EXERCISE PROMPT: For this exercise, copy exactly every line from the one holding "Having wild sex" through the end of the data, both included. Omit pictures.

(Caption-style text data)

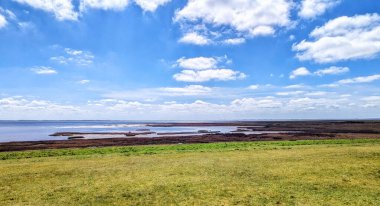 Schiermonnikoog ilkbahar erken saatlerde soğuk ama güzel bir bahar sabahı tuzlu bataklıkta. Günde iki kez tuz bataklığı Waddensea 'den gelen suyla doluyor..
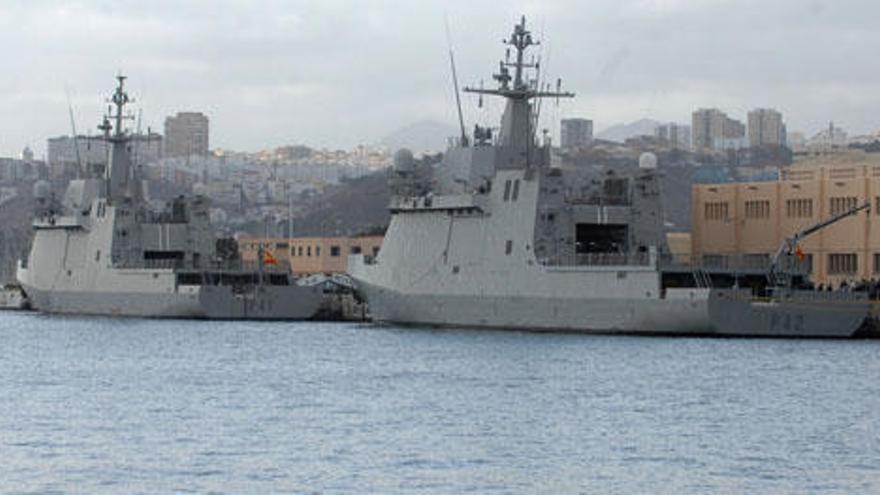 Los patrulleros oceánicos &#039;Meteoro&#039; y &#039;Rayo&#039; , en su base del arsenal de Las Palmas de Gran Canaria. i QUESADA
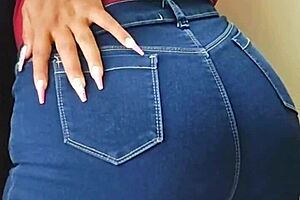 Having wild sex with my husband until I finish, learn to please your wife.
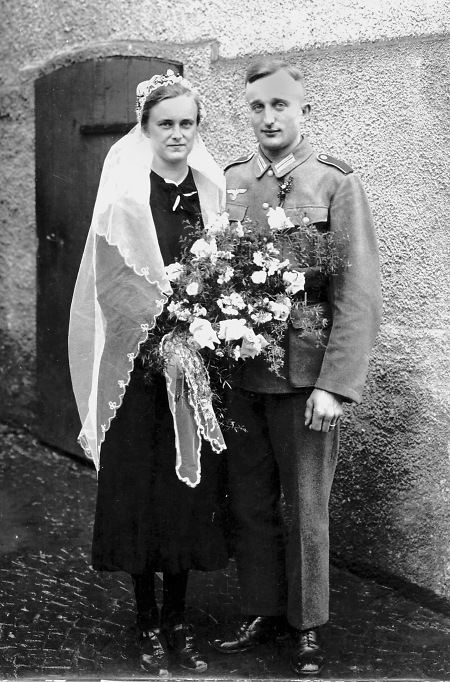 Brautpaar in Queckborn bei einer Kriegshochzeit, 1940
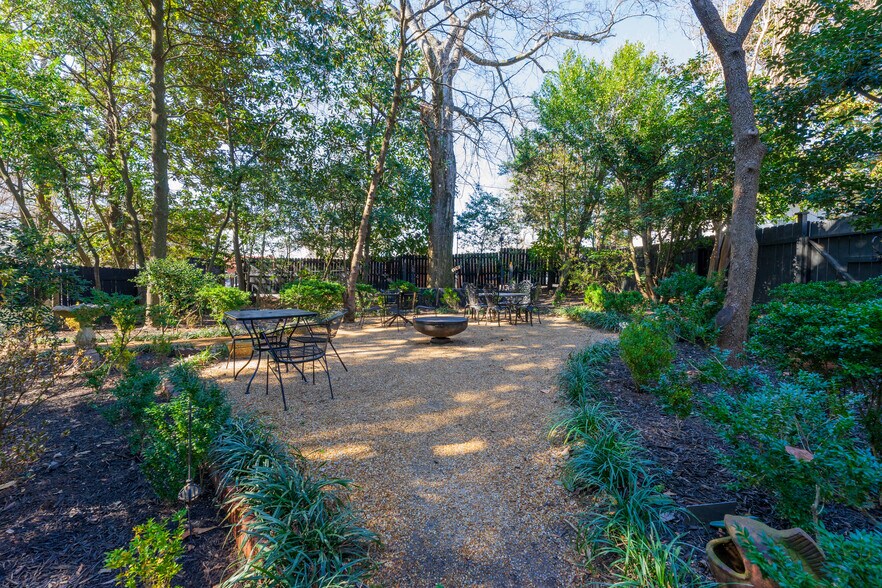 More Photos Of 132 E College St, Griffin Hospitality For Sale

ANSWER BELOW:
 Having wild sex with my husband until I finish, learn to please your wife.
 Brautpaar in Queckborn bei einer Kriegshochzeit, 1940
 More Photos Of 132 E College St, Griffin Hospitality For Sale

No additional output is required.